We talk a lot about product stories with our clients, trying to get the really interesting brand traits and content out of their companies, their products and services and crucially their people. Sometimes people in business find this themselves, without any coaching from PR or creative agencies.
A great friend of mine, Gawain Davies, has made the jump from his successful career as a big brand designer to personal trainer for the over 40’s. He’s just started, so he’s in that enviable position where he has time to really think about and evolve his marketing and create great content. And it’s starting to show across his social channels.

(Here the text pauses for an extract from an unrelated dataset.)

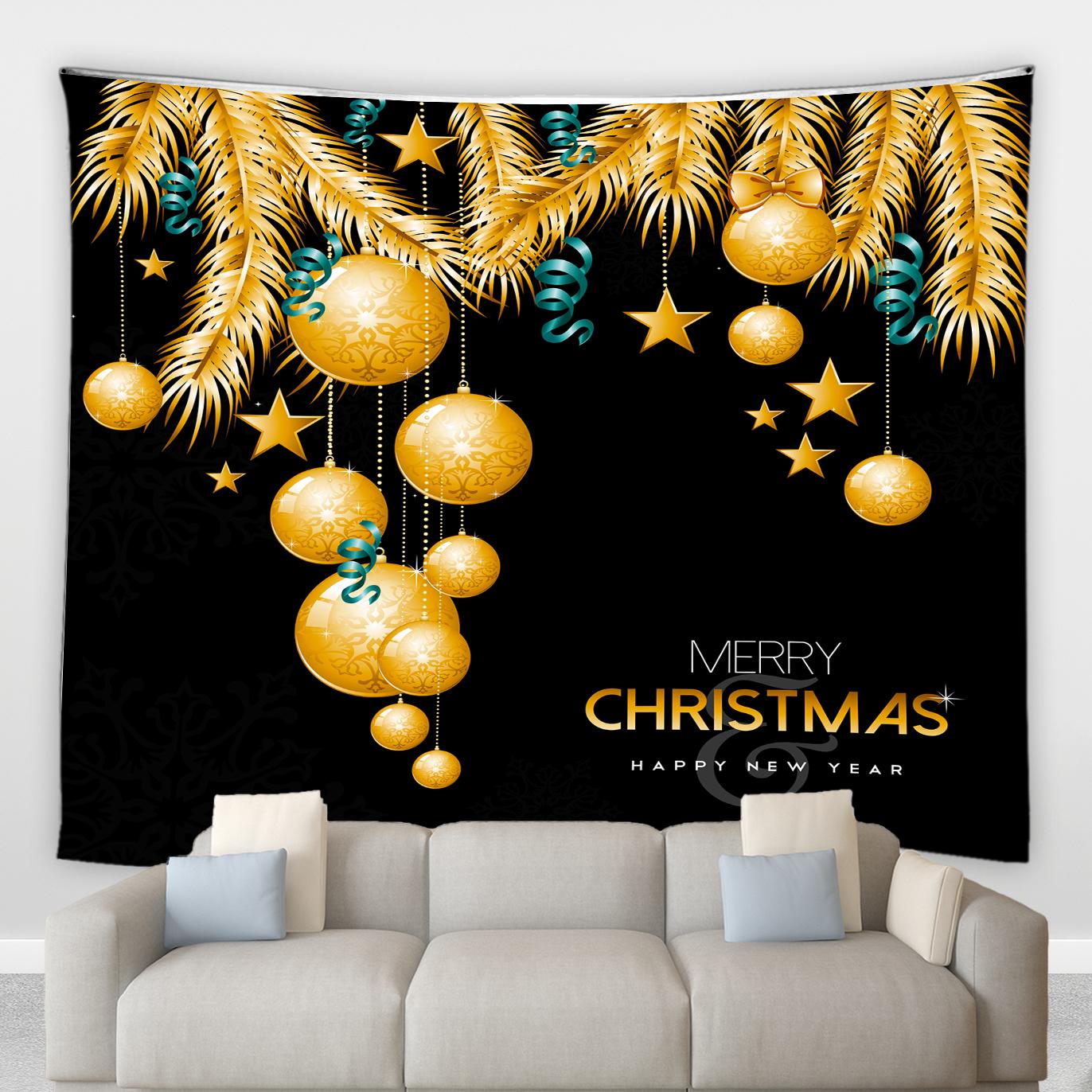 Рождественский гобелен Святочный шар Праздничная вечеринка Декор фон настенный Гобелен — фото 9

As well as being cyborg fit and healthy (as you’d expect from someone in his industry), he has a wicked sense of humour, can illustrate beautifully and does a great line in measured self-deprecation. This means that he manages to make his subject matter more interesting for his audience, certainly better than is the norm for his industry. But more than that, he illustrates his own health and fitness journey in a way that the people that he wants to work with can relate to – Generation X and older basically. Watch the videos and you’ll see.
What he does really well though for me is the self-deprecation bit. To explain his offer and show people the sort of advice they will get from working with him, he uses stories highlighting his idiosyncratic niggles about himself growing up. He explains how he combatted these fitness and image issues personally through research, experimentation and He Man envy.
His stories are genuine and amusing by chance, and knowing him they probably always will be. This is a great mechanism that will make him appear believable, approachable and empathetic to his clients. For me from a brand perspective, some personal trainers seem more concerned with how they come across as Instagram ‘cross fit porn’, than they are with the emotional connection with their clients. I reckon that Gawain is going tap into a big market of affluent, busy people who like the ‘cut of his jib’, and feel that he can relate to them personally. This is not to say that he couldn’t compete with the Instagram set in the 1000 pull up, whilst neck pressing 200kg challenge.
Importantly he’s not telling a sob story, he’s telling a positive, and by chance humorous, story that really gets to the heart of the problems that a lot of his clients will be experiencing. This tone is coming out consistently and more frequently throughout, and it will be good to see how he factors client stories in.
I mentioned that he is a great illustrator, and I’m currently pressuring him (in ways like this) to use illustration more in the place of most photography and text instruction. I think that with even more of this, he will really blow his competitors out of the park (at 5am or whatever ungodly hour they all train people at).